Et dire qu’avec ça on veut voir l’ennemi venir ! Avec ça on veut parler pour agir quand les formules et les incantations ne sont plus rien d’autres que de simples phrases. Nous avons déjà brisé la chaîne des interdits ; nous avons profané le caveau familial contre notre appétit vénal. Le siège de la tradition ne se dispute pas, à moins qu’il ne soit pas issu de la tradition. Le trône dans la tradition n’est pas qu’un simple piédestal, élevé par arrogance et par complaisance. Le palais ou la cour du chef dans la tradition est un sanctuaire mieux qu’un simple édifice bâti en briques et en bois. Dommage que nous avons nous-mêmes travaillé à faire de nos traditions, des chambres vides hantées par des intérêts plus alimentaires que spirituels.

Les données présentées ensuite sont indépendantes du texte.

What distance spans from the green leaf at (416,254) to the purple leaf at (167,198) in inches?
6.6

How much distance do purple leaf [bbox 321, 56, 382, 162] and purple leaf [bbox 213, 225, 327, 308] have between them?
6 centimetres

Dommage que le faux se soit emparé du sacré au point de lui faire bâcler sa mission. Dommage que nous ne sommes plus nombreux à savoir jurer sur la terre de nos ancêtres pour laver l’affront. Dommage que nous mangeons à tous les râteliers au point d’oublier nos attributs de chef sur les lieux des ripailles. La politique a fait de nos traditions, un terrain de campagne et de meeting où les «dieux punissent ceux qui ne votent pas utile». Depuis que la politique a fait son irruption dans la case sacrée, nous invoquons les mânes mais en vain. Nous organisons même de mondaines campagnes de prières de gala pour rien, parce que l’homme noir a oublié d’où il vient. Il ne saura jamais où il va s’il continue à se renier. Hommage à tous ces garants dignes de nos traditions qui vivent dans l’humilité et la discrétion et agissent pour le bien de la communauté sans tapage ni boucan. Etre chef, c’est d’abord savoir pour pouvoir.